So the news we’ve been waiting for all week finally came yesterday, and the news is that we’ll have to wait a few more days. The Vatican announced that the Conclave to elect the next Successor of St. Peter will begin on Tuesday, March 12th with the first vote coming late afternoon Rome time. In the meantime, the mainstream media is still clamoring to create scandal out of this historic occasion. While I’ve tried to take the whispers, innuendo, and flat-out rabble-rousing with a grain of salt, it has been difficult. Based on my readings this week, it appears that I am not the only one that has struggled to avoid the annoyance.
When asked to respond to a newspaper editorial, Elizabeth Scalia quickly realized that the word limit the editor suggested was not going to cover it.
Anyone interested in understanding Catholicism, in all of its faults and all of its greatness, needs to invest time in serious readings from many sources; the New Testament, the Catechism, the documents of the Second Vatican Council; the writings of the Church Doctors and the lives and writings of the saints. One cannot understand the Catholic church — not in the least — unless one can comprehend how persons as disparate in background and outlook as G.K. Chesterton and Dorothy Day would willingly refer to themselves as Catholicism’s “obedient” children, and be beloved within it.

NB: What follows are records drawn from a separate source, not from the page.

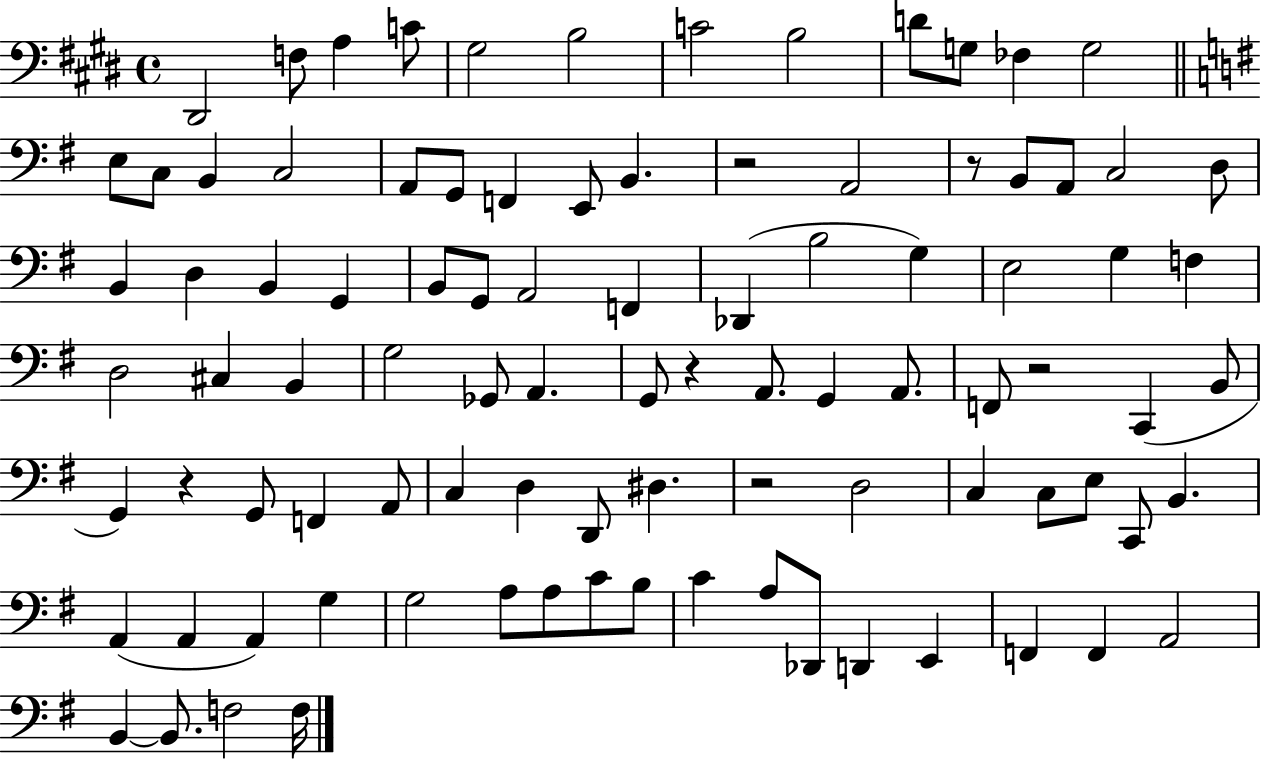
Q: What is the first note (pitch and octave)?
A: D#2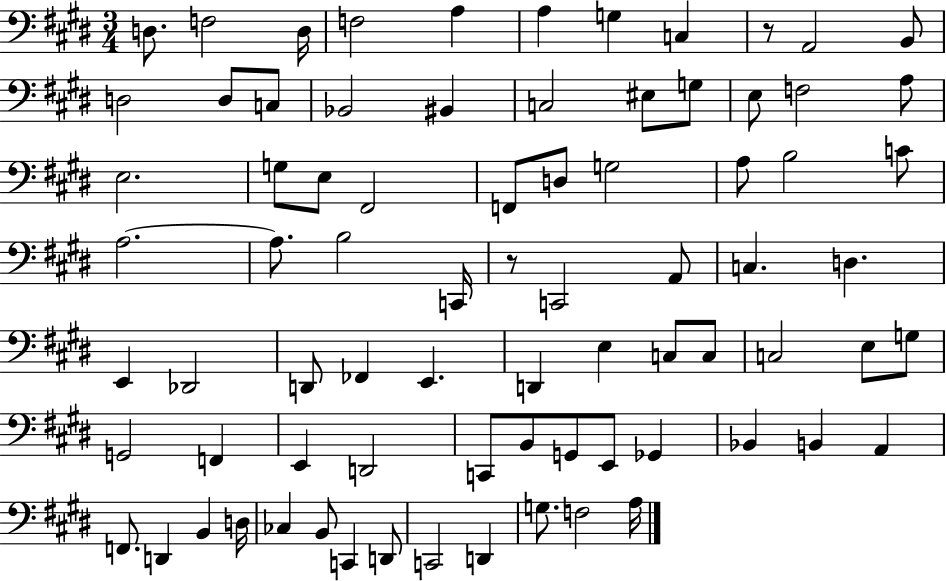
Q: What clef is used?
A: bass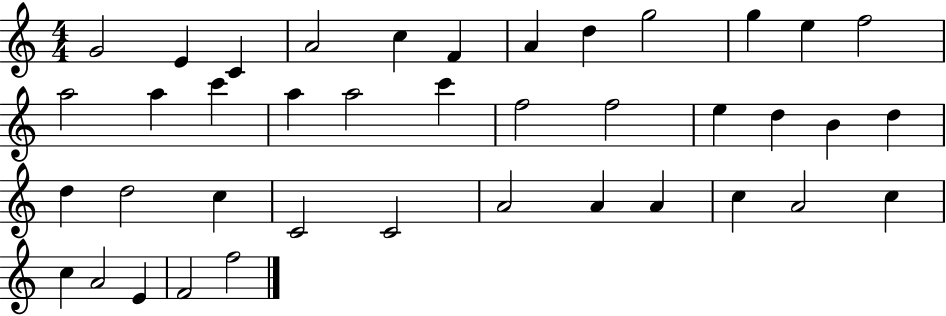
G4/h E4/q C4/q A4/h C5/q F4/q A4/q D5/q G5/h G5/q E5/q F5/h A5/h A5/q C6/q A5/q A5/h C6/q F5/h F5/h E5/q D5/q B4/q D5/q D5/q D5/h C5/q C4/h C4/h A4/h A4/q A4/q C5/q A4/h C5/q C5/q A4/h E4/q F4/h F5/h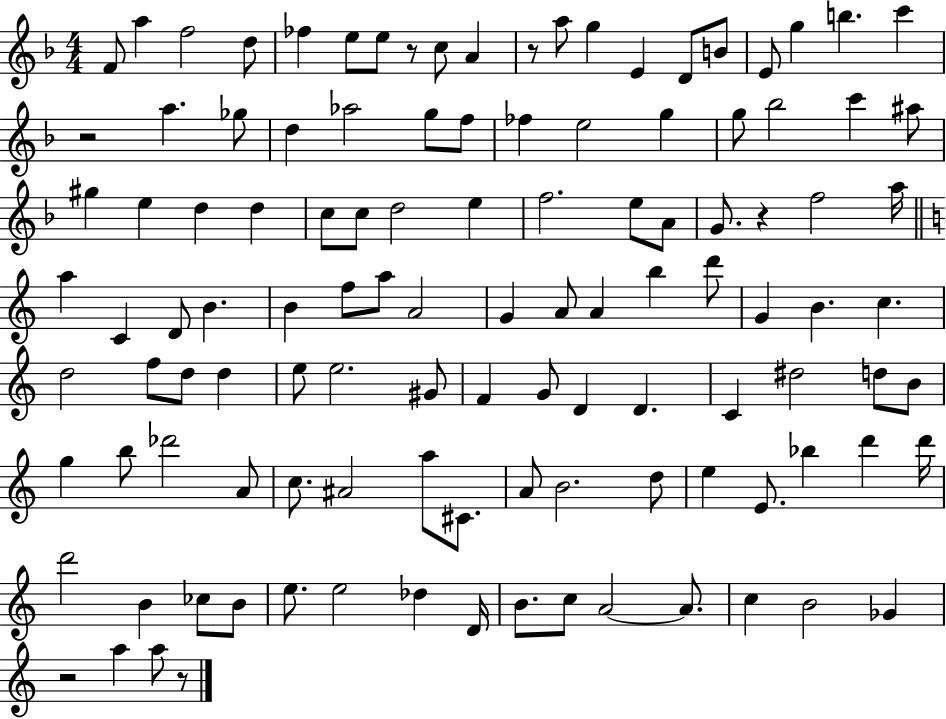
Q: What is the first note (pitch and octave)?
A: F4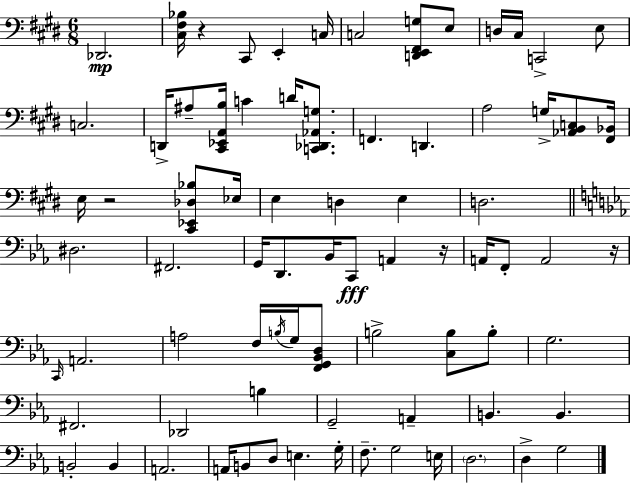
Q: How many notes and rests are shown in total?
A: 78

What would a Pope from the third-world have in common with Ghandi? Mark Shea says that like Ghandi, when a such a pope starts speaking inconvenient truths, the media will quickly turn on him.

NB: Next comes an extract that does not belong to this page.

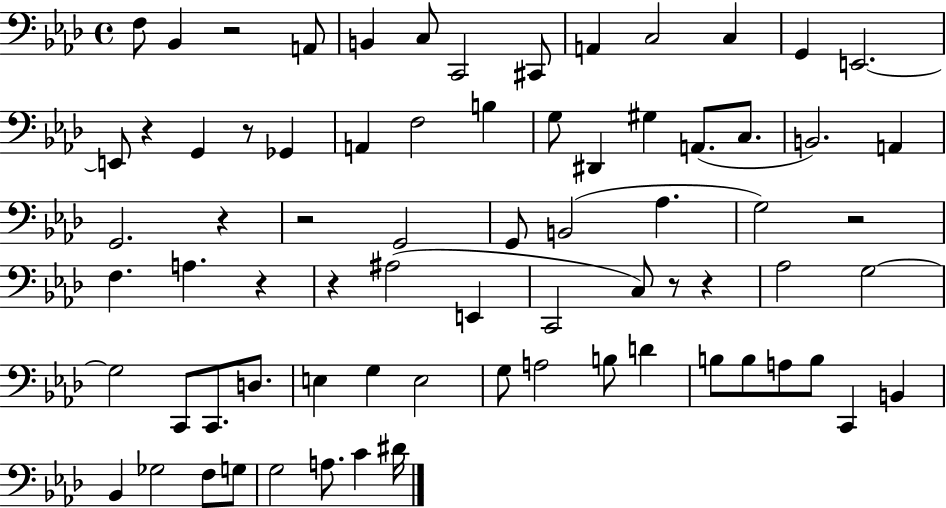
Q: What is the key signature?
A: AES major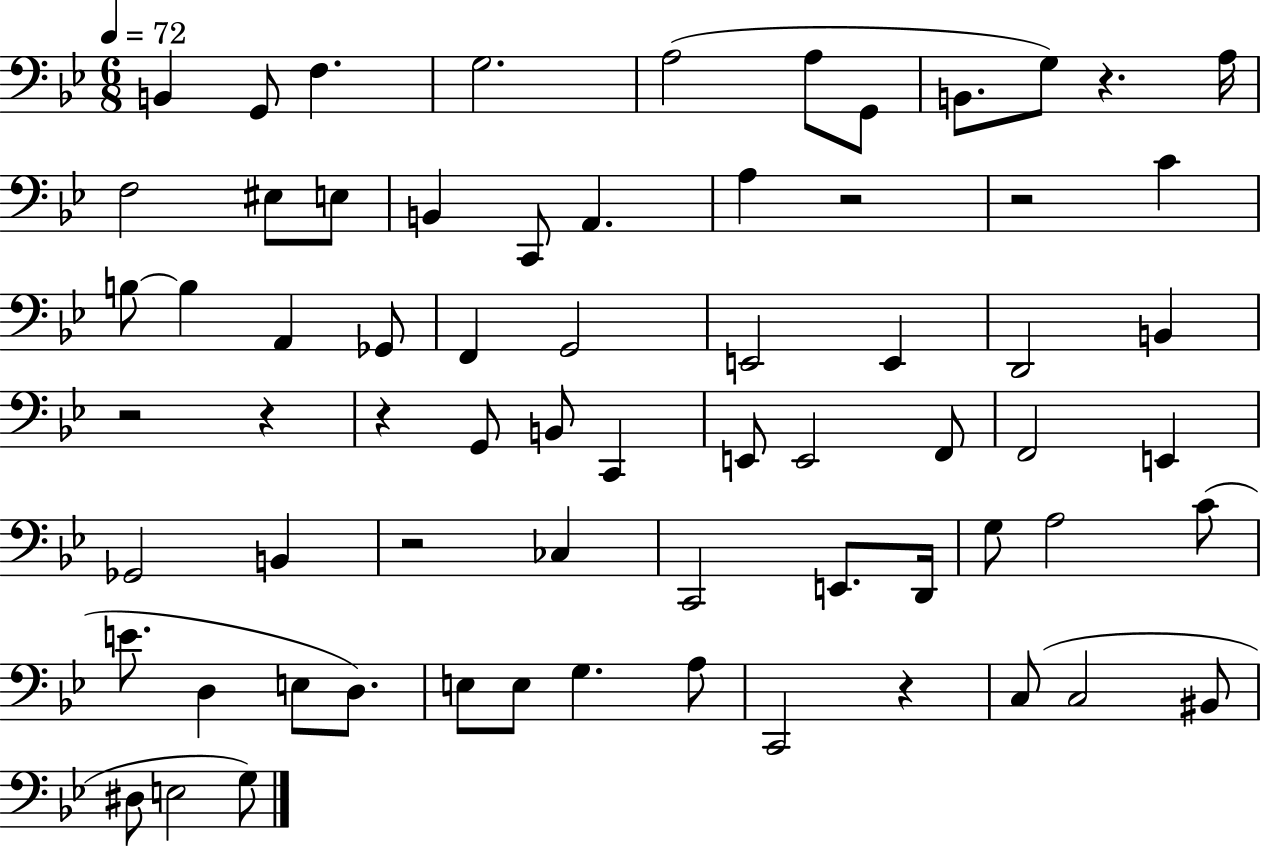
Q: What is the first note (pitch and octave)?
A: B2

A Pope who says, well, what the Church says and what Gandhi says will not be received like some new Nelson Mandela by the Western press. He will be derided as an emissary from backward lands who need enlightened Westerners to teach them shallow atheism and cull their numbers with the blessings of birth control.
Now HuffPo, after a remarkably balanced attempt to talk about celibacy that included both me and Fr. Sullins on the panel to give the Church’s actual theology of virginity, now is having my friend, the formidable Dr. Pia de Solenni on at 11 AM Eastern today for a similar panel discussion on “The Church Youth Want”.

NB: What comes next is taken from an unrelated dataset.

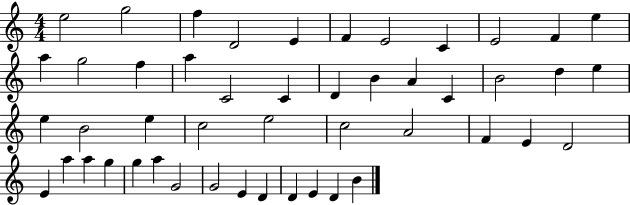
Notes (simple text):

E5/h G5/h F5/q D4/h E4/q F4/q E4/h C4/q E4/h F4/q E5/q A5/q G5/h F5/q A5/q C4/h C4/q D4/q B4/q A4/q C4/q B4/h D5/q E5/q E5/q B4/h E5/q C5/h E5/h C5/h A4/h F4/q E4/q D4/h E4/q A5/q A5/q G5/q G5/q A5/q G4/h G4/h E4/q D4/q D4/q E4/q D4/q B4/q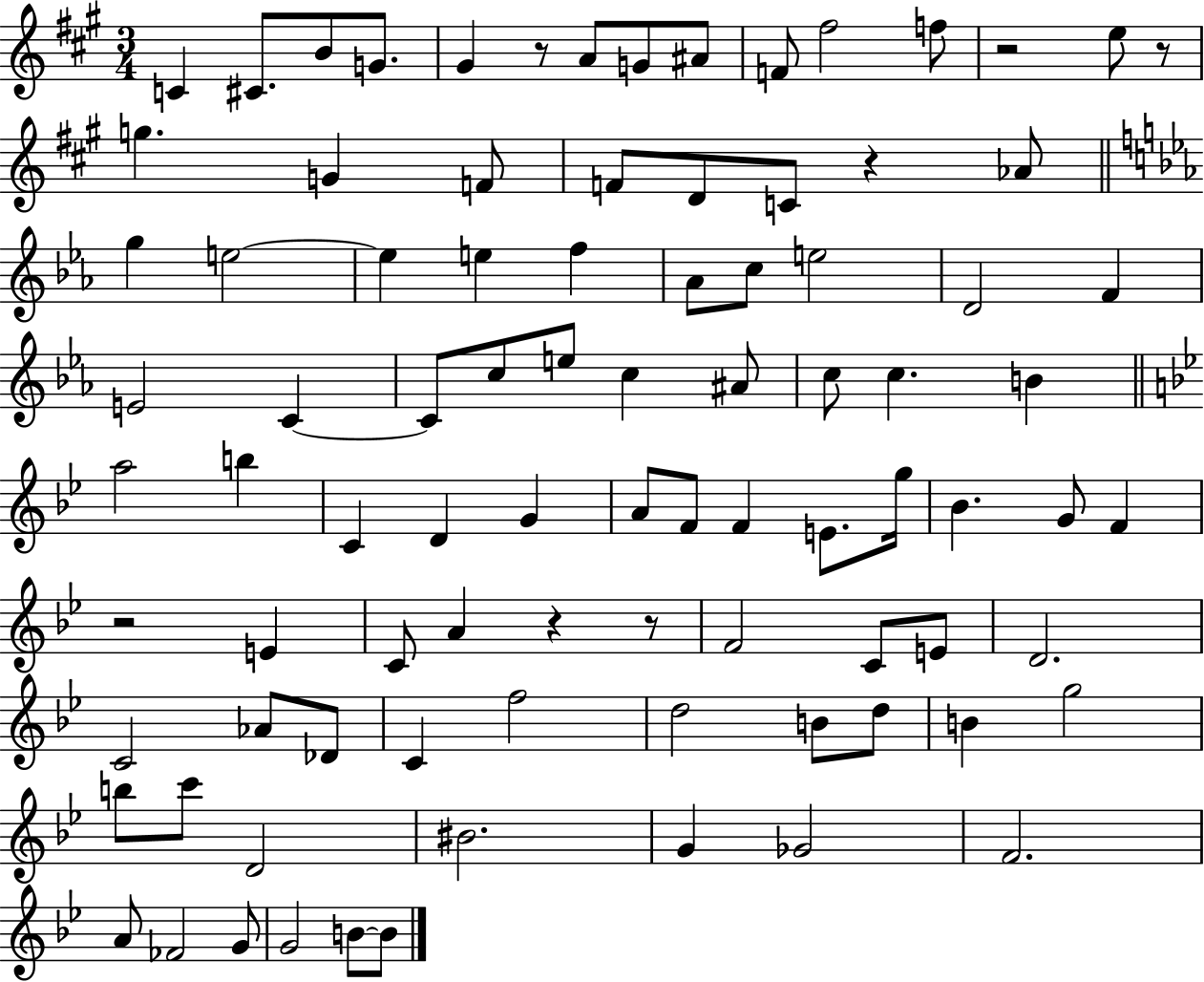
C4/q C#4/e. B4/e G4/e. G#4/q R/e A4/e G4/e A#4/e F4/e F#5/h F5/e R/h E5/e R/e G5/q. G4/q F4/e F4/e D4/e C4/e R/q Ab4/e G5/q E5/h E5/q E5/q F5/q Ab4/e C5/e E5/h D4/h F4/q E4/h C4/q C4/e C5/e E5/e C5/q A#4/e C5/e C5/q. B4/q A5/h B5/q C4/q D4/q G4/q A4/e F4/e F4/q E4/e. G5/s Bb4/q. G4/e F4/q R/h E4/q C4/e A4/q R/q R/e F4/h C4/e E4/e D4/h. C4/h Ab4/e Db4/e C4/q F5/h D5/h B4/e D5/e B4/q G5/h B5/e C6/e D4/h BIS4/h. G4/q Gb4/h F4/h. A4/e FES4/h G4/e G4/h B4/e B4/e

Speaking of positivity in the mainstream media, Ross Douthat explores Benedict’s legacy for the New York Times.
But for all of Catholicism’s problems, the Christian denominations that did not have a Ratzinger — those churches that persisted in the spirit of the 1970s and didn’t reassert a doctrinal core — have generally fared worse. There are millions of lapsed Catholics, but the church still has a higher retention rate by far than most mainline Protestant denominations. Indeed, it is difficult to pick out a major religious body where the progressive course urged by so many of Ratzinger’s critics has increased vitality and growth.
Of course, another popular topic in the media are the prophecies surrounding this Papal election. From St. Malachy to the secrets of Fatima, there is something to get anyone worked up, but Father Z wisely urges calm.
Maybe this will whip some of you into a fever, but I find this a little more interesting than the mosaics and the lightning and the cryptic phrases. Frankly, I wouldn’t be at all surprised were another part of the third secret locked away that explains the vision. That would be consistent with the pattern: visions followed by explanations. But Card. Ratzinger himself gave an explanation of it when it was released. In the absence of another, contrary explanation, from someone high up than the contemporary Prefect of the CDF, I guess we have to just calm down.
On completely different subject, how easy is it to sneak into the General Congregations? Apparently, you just need some fake bishop’s vestments.
Named as Ralph Napierski, the “bishop” donned a cassock that was too short, a bejewelled necklace that was fake, and black sneakers. As well as that, his purple sash turned out to be a scarf. Gazzetta del Sud reports that the man is Australian.
He successfully managed to sneak into the Vatican this morning and mingle with the 100+ cardinals before being hauled out. The man told reporters his name was “Basilius” and he was a member of “Corpus Dei” and the “Italian Orthodox Church”, which does not exist.
Video: Finally, what are the people on the street saying about the new Pope? Wait, there isn’t one, yet? Don’t tell these folks that were interviewed for Jimmy Kimmel Live.
“Does it bother you that he is Jewish?”
“I don’t know. It’s fine, I guess. ‘Cause, uh, you know, uh, I don’t think a Pope should stay one religion.”